Abstract

There is a growing interest in using classroom response systems or clickers in science classrooms at both the university and K-12 levels. Typically, when instructors use this technology, students are asked to answer and discuss clicker questions with their peers. The existing literature on using clickers at the K-12 level has largely focused on the efficacy of clicker implementation, with few studies investigating collaboration and discourse among students. To expand on this work, we investigated the question: Does clicker use promote productive peer discussion among middle school science students? Specifically, we collected data from middle school students in a physical science course. Students were asked to answer a clicker question individually, discuss the question with their peers, answer the same question again, and then subsequently answer a new matched-pair question individually. We audio recorded the peer conversations to characterize the nature of the student discourse. To analyze these conversations, we used a grounded analysis approach and drew on literature about collaborative knowledge co-construction.
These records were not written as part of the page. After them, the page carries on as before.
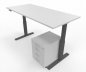 Preview: Büromöbel Set RMK1 Schreibtisch elektrisch mit Rollcontainer Gestell Grafit Tischplatte und Rollcontainer Weiß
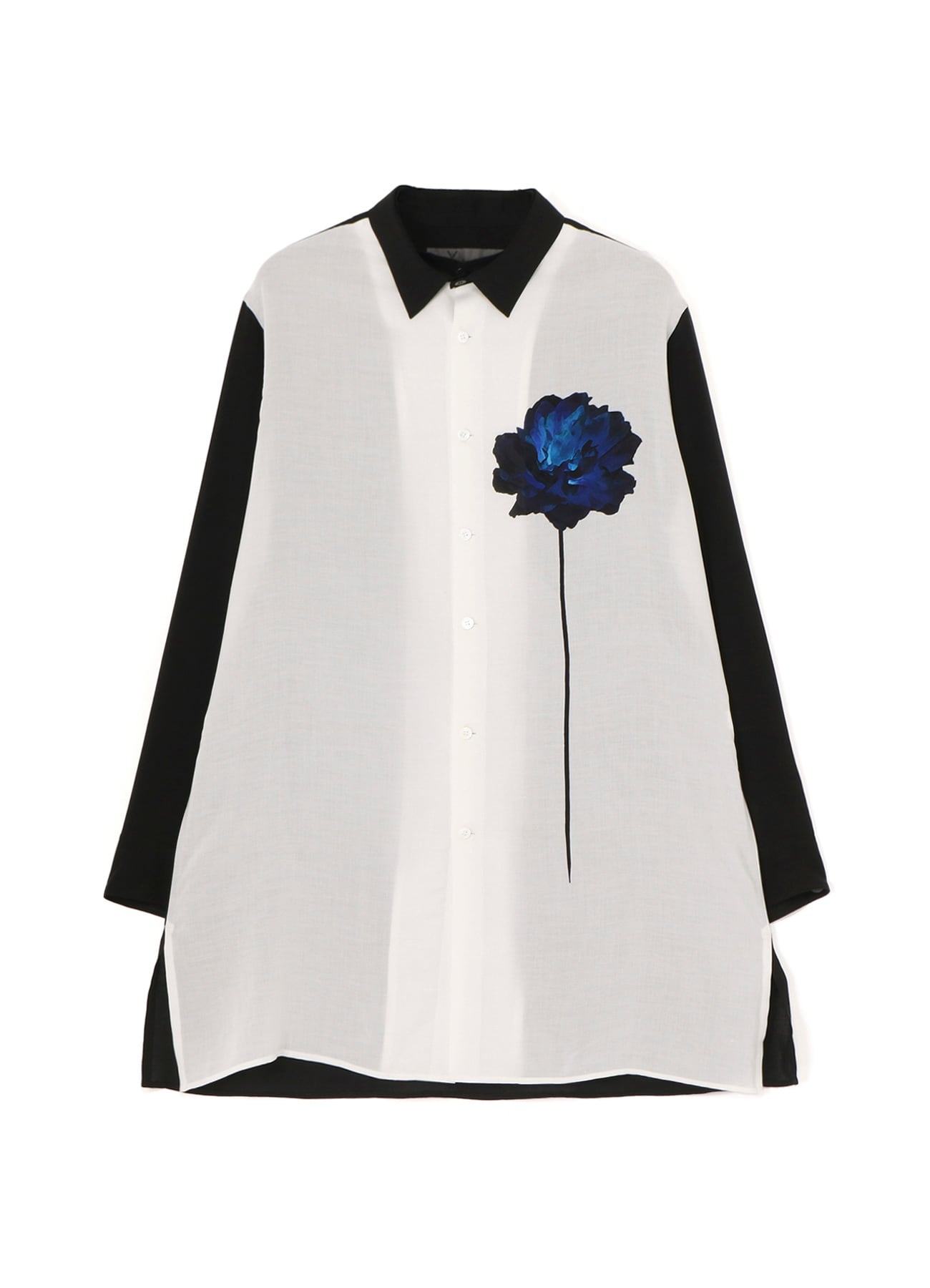 CELLULOSE LAWN SHIRT WITH ONE BLUE FLOWER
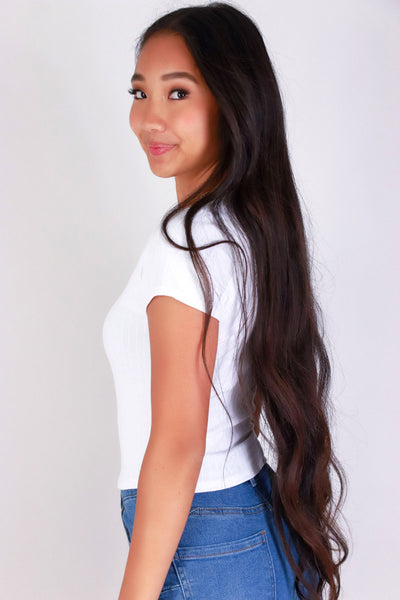 Jeans Warehouse Hawaii - S/S SOLID BASIC - THE EVERYDAY CROP TOP | By CRESCITA APPAREL/SHINE I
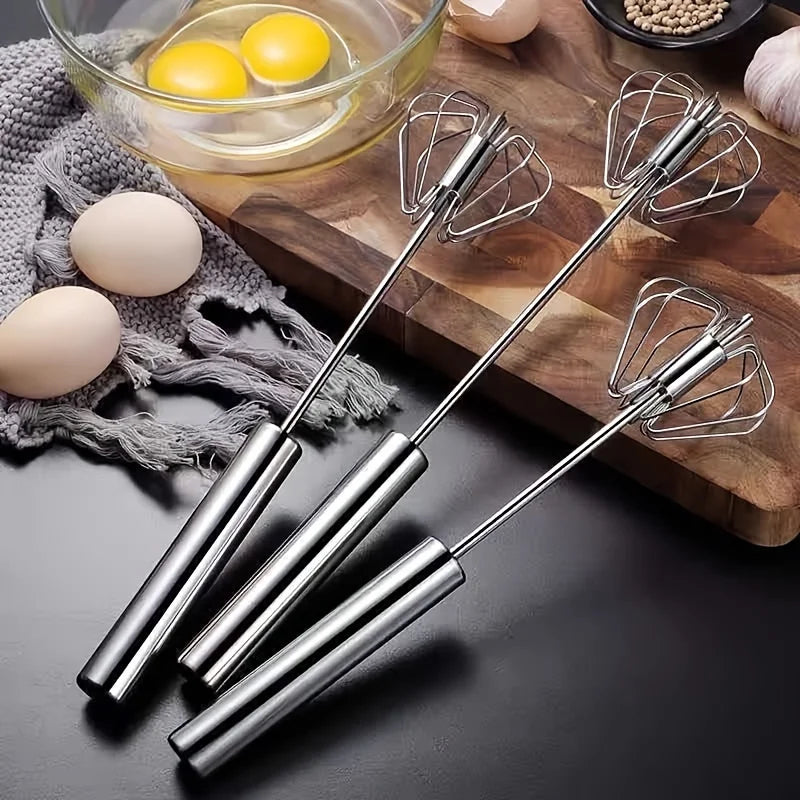 Sbattitore Uova Manuale Frusta a Mano Acciaio Inox Semiautomatico Cucina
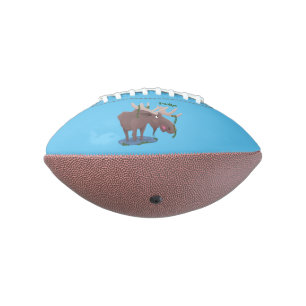 Funny happy moose cartoon illustration football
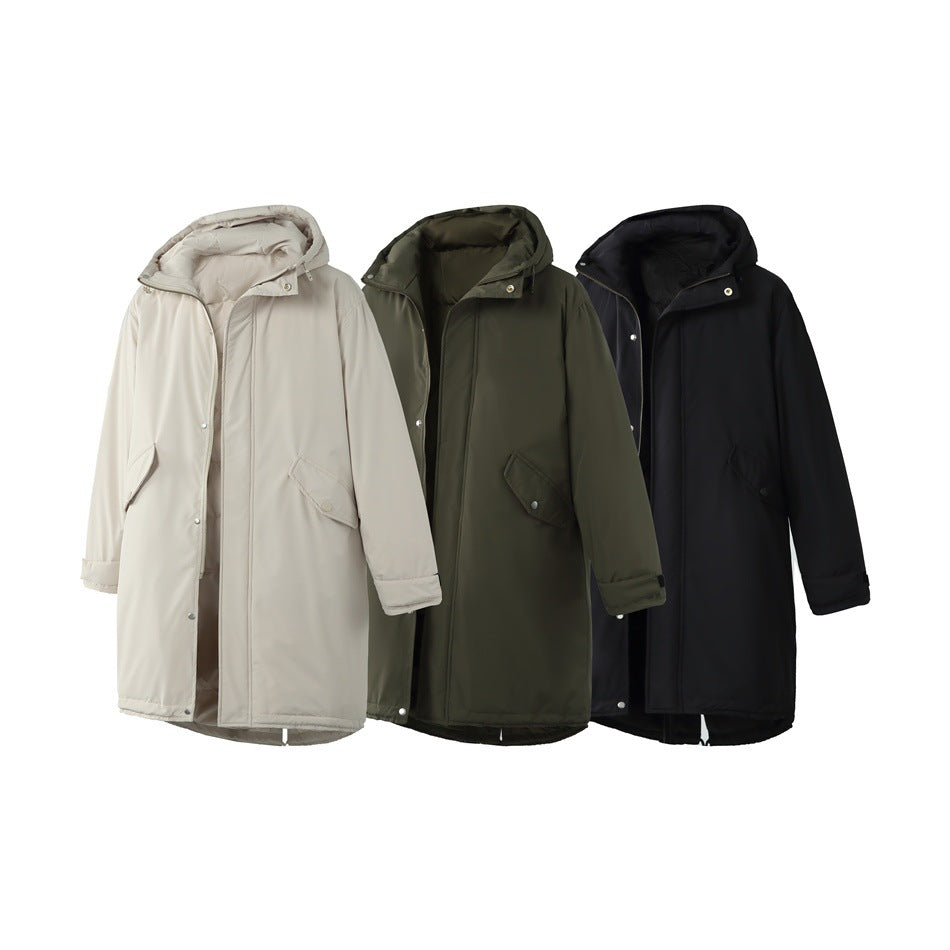Three long hooded coats displayed together in light beige, dark olive, and black.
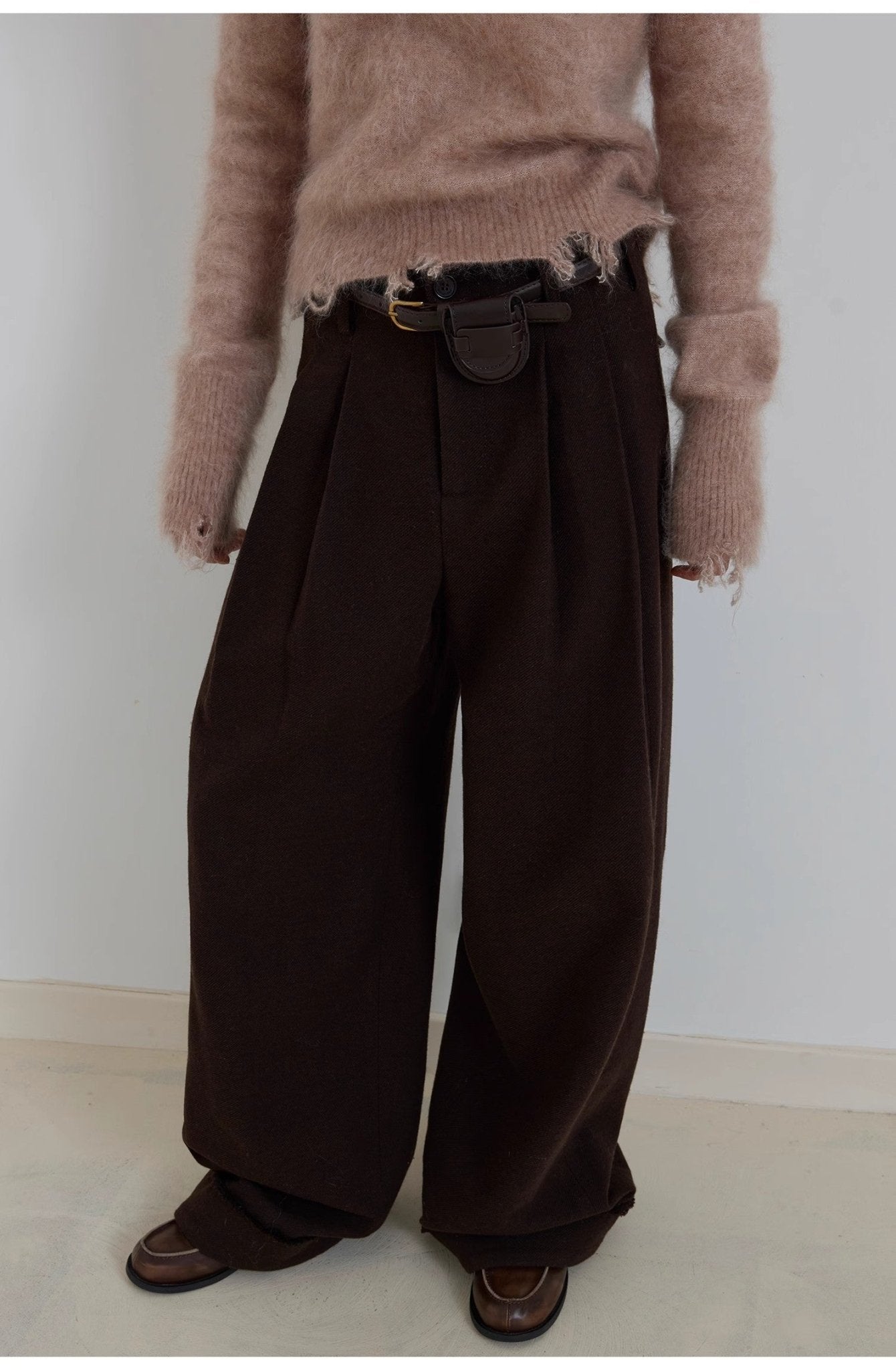 "Commuting Rules" Worsted Wool Blend Waistless Raw Edge Wide Leg Pants Slimming Scimitar Casual Pants - variant_title
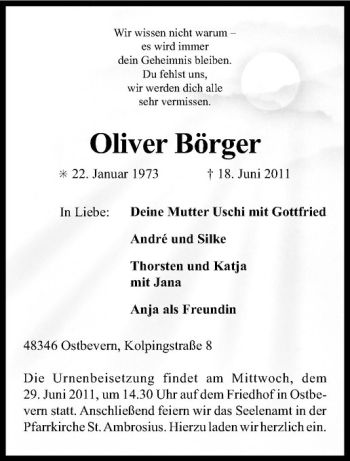 Anzeige von Oliver Börger von Westfälische Nachrichten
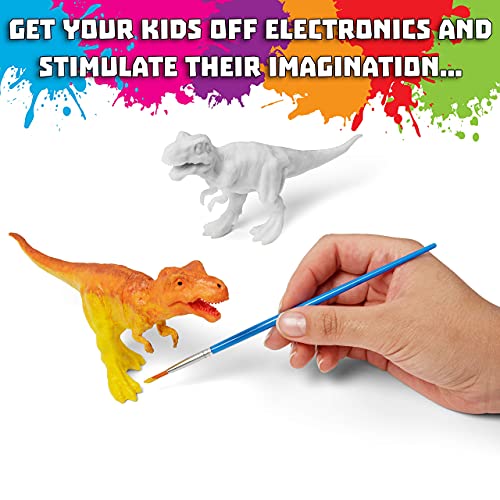 Image of COASTLINE CRAFT STEM.org Dinosaur Painting Kit for Kids with Dino Trivia-Dinosaur Crafts for Kids Ages 3-5 + w / 2 T-Rex Set - Screen Free, Educational Gifts for Boys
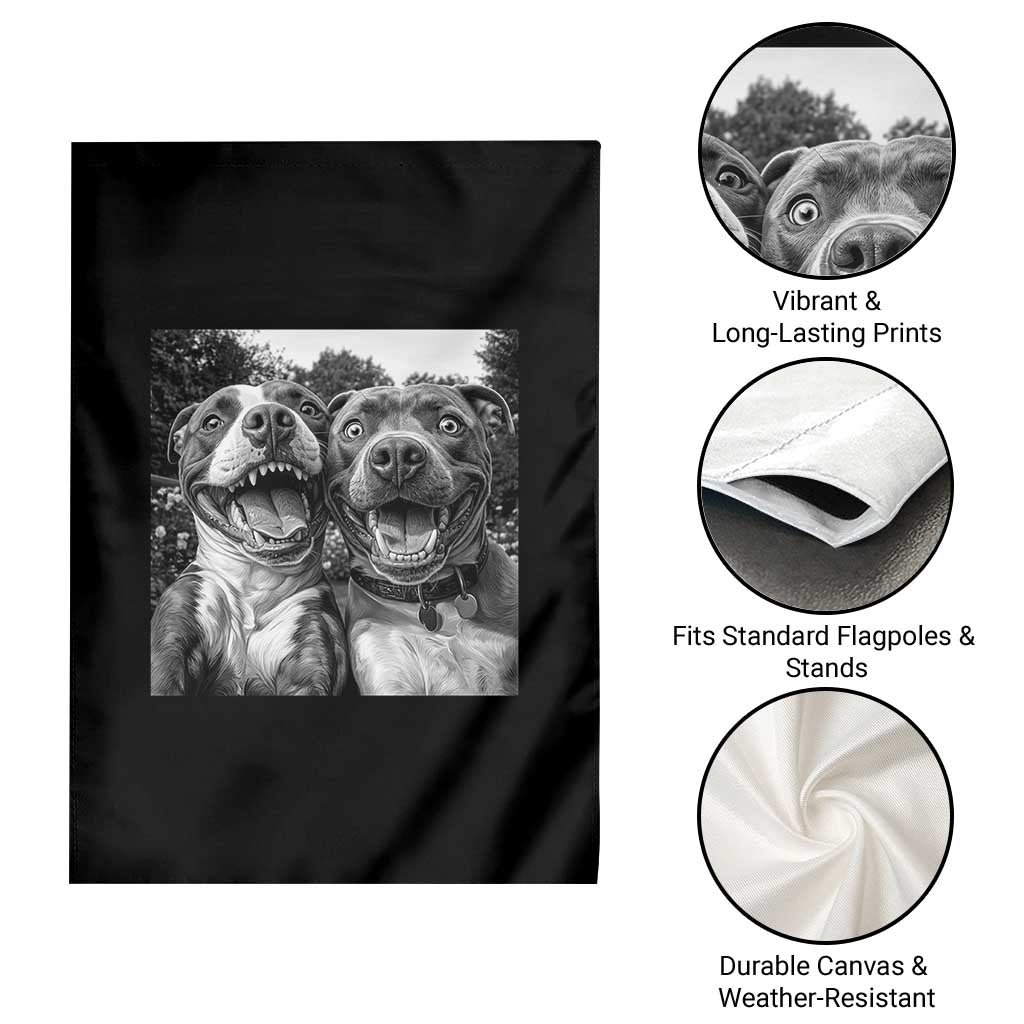 Pitbull Selfie Meme Garden Flag Funny Dog Lover Graphic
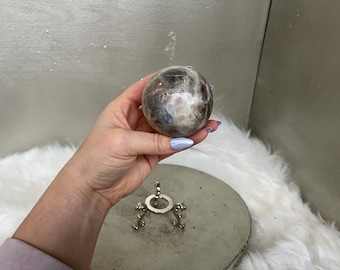 Beautiful, 67.89mm, Blue Flash, Sun in Moonstone Sphere, Ethically Sourced, High Quality Moonstone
The analysis of the conversations revealed that middle school students talked about science content and collaboratively discussed ideas. Furthermore, the majority of conversations, both ones that positively and negatively impacted student performance, contained evidence of collaborative knowledge co-construction.

Highlights

  • Clickers are a type of instructional technology that allows instructors to gauge students’ real-time performance in the classroom

  • We found that middle school students improve their performance on clicker questions when they engage in peer discussion (Fig. 2)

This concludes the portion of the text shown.